Not much later, Darla looked at her reflection at the spa dubiously.
The
first of the three dresses was black, to represent (her mother loved to explain) the sorrow of loneliness before the final bond was made. It was embroidered in black and gold silk, textured painstakingly in swirls and patterns.
The second dress, the one she was modeling now, was white and virginal, representing (Jubilee reminded her with new dubiousness) the purity of the bride and the dedication to family and ancestral honor. The photographer had wanted to get it in early morning sun.
She certainly looked the role of virgin sacrifice, resplendently beaded in (her mother would tell anyone who would listen) genuine Swarovski crystal until she looked like a snowy Christmas display that someone had hung too much jewelry on. The photography lights they had set up made the whole affect look blinding.
The dress for the third day, hanging beside her, was blood red, representing sacrifice and obedience, and a dozen other things her mother seemed convinced she was incapable of.
I’m here, Darla wanted to say. I’m sacrificing everything.
But she knew her mother was still too furious — and too selfish — to appreciate exactly what she was giving up to go on with the wedding.
Jubilee was putting on a good show for the most important of the guests and the photographer, smiling her cultivated smile and giving her cultivated laugh. Darla wondered how she had never heard the falseness that filled it.
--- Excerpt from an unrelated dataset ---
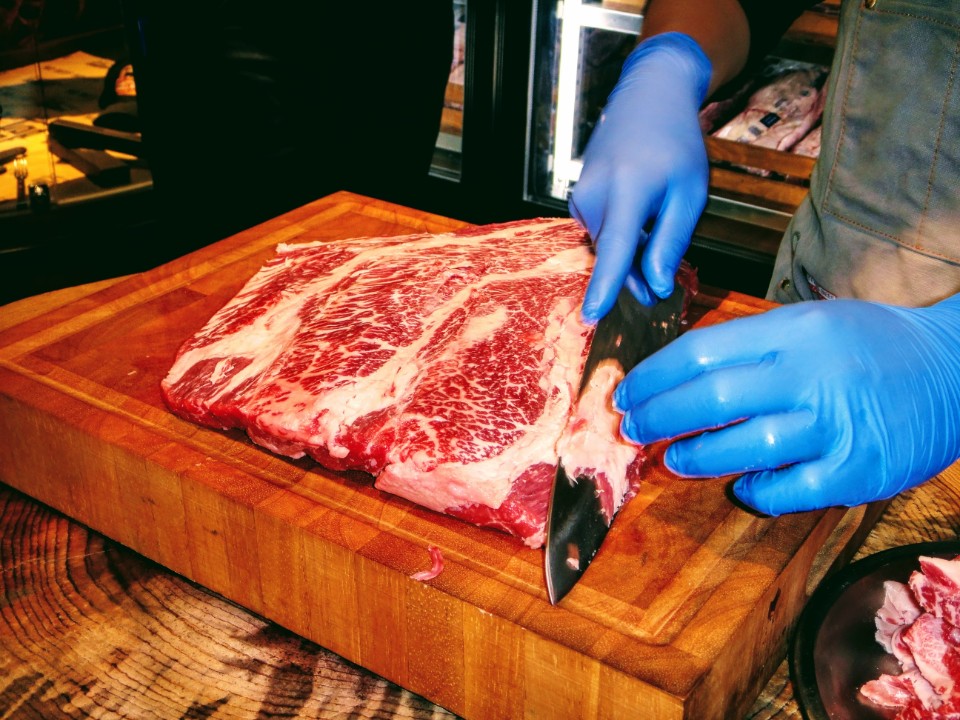 【美食】「美國肉類出口協會X很牛炭燒牛排」，推美牛濕式熟成三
“Oh, perfect,” the photographer said. “You give me a lovely smile now, and turn a little this way. Let’s see the train up over your arm…”
Darla posed, forcing a faint smile that didn’t reach her eyes, and wondered how much the photographs would reveal about her breaking heart. They moved out to the gardens for the coveted morning photos, and took shots until the sun was high in the sky.
Then, finally, it was time to model the final dress. “This one buttons up the front,” she explained pointedly. “I can get into it myself.” Her mother, on the phone with her psychic again, glared at her and left willingly. Alison gave her one last concerned pat, and stayed with the photographer outside the spa while Darla went in alone.